И вот такой была ее Татьяна: глубоко недовольная своей жизнью, одиночеством, ощущением потолка, в который упирается упрямый русский темперамент, она хотела прорваться в иноземное пространство. Мечта о космосе была надеждой на преодоление земного тяготения. Город Бугульма тянул к земле, звал в могилу, а героиня хотела восторга и разрушительной страсти. Расплата за двоемирие — блаженное безумие, блаженство отключения от реальности. Евгения Добровольская умела сделать эту роль смешной и тревожно жуткой одновременно. Актриса уловила этот рецепт спасения для своих героинь: не соотноситься с реальностью, не признавать ее. Взгляд с экрана, взгляд из космоса был четче взгляда родственника.
Добровольская умела постоять за женщину, за народ свой. В спектакле «Кому на Руси жить хорошо» в Гоголь-центре ей удавалось выражение боли народной — в женской материнской теме Матрёны Николая Некрасова, которую целиком взяла на себя актриса, одновременно и монументальная, и взвинченная, со сталью в голосе. Кому бы на Руси хорошо ни жилось, все время деток жалко, их только и можно пожалеть. Монолог обезумевшей от горя, хоронящей собственное дитя, Матрёны полон ласкательных суффиксов. Накормить и пожалеть всех.

В другом спектакле Кирилла Серебренникова — в «Господах Головлевых» героиня Евгении Добровольской Аннинька вершила всю историю и судьбу самого Порфирия. Умная, красивая, мистическая актриса, приехавшая в Погореловку умирать, она осуществляет победу над головлевской Мухой. Разоблачает Порфирия (Евгений Миронов): хоть и презирает тот актрису, но испытывает к телу падшей женщины плохонькое чувство, преступную страсть как следствие тотального одиночества и чернушных фантазий. Аннинька с высоты своего страшного опыта, с высоты падения и со знанием смерти, случившейся у нее на глазах, смерти, стоявшей рядом, разоблачает монстра одним словом, одним заклятием: «Вы же всегда один! Как жить-то не страшно». И Муха умирает, уязвленный в самое сердце.

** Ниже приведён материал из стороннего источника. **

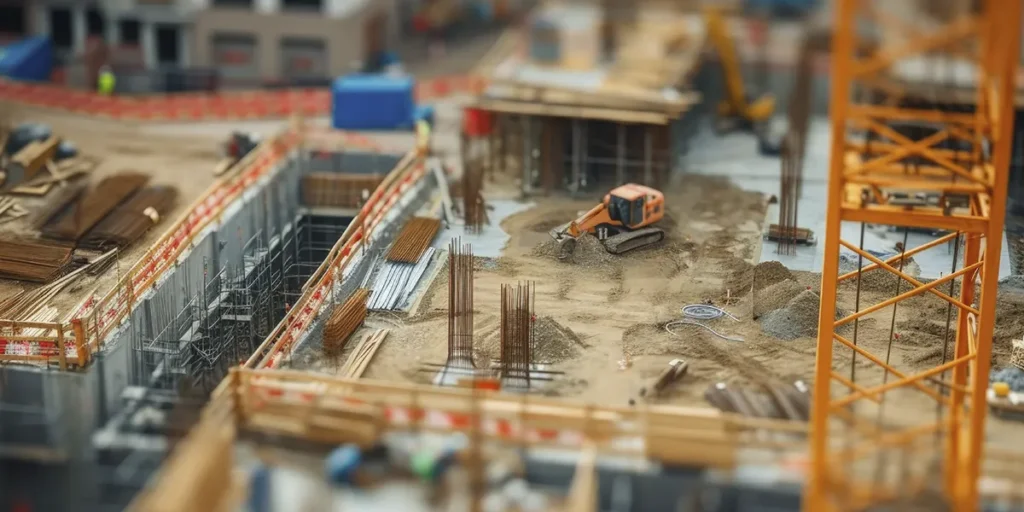 como calcular o material de construção: 
 A imagem mostra um ambiente de construção em andamento. Há um grande espaço aberto com terra e areia, e parece haver uma estrutura de metal em construção, possivelmente parte de um edifício. Há vários equipamentos de construção, incluindo um escavador, que está no centro da imagem, e outros aparelhos que parecem ser parte de um sistema de elevador de material.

Женская тема в палитре актрисы — это всегда кровавая битва между мужчиной и женщиной, где женщина сражается на равных. С Андреем Кузичевым они много лет играли спектакль «Предел любви» по французскому тексту Паскаля Рамбера и в его же режиссуре. Диалог любви похож на уязвление партнера словом. Найти синхрон можно только поругавшись, приведя партнера в неистовство. Нельзя капитулировать в этой схватке, но можно добиться, чтобы тебя услышали. А это значит — дойти до предела эмоции. Вот это как плакальщица в традиции: она проводит тебя через порог боли. Взявши за руку, зрителя проводит от нуля градусов до точки кипения и наоборот, к покою аплодисментов. Эмоциональная встряска аудитории была всегда результатом актерской и человеческой работы Евгении Добровольской.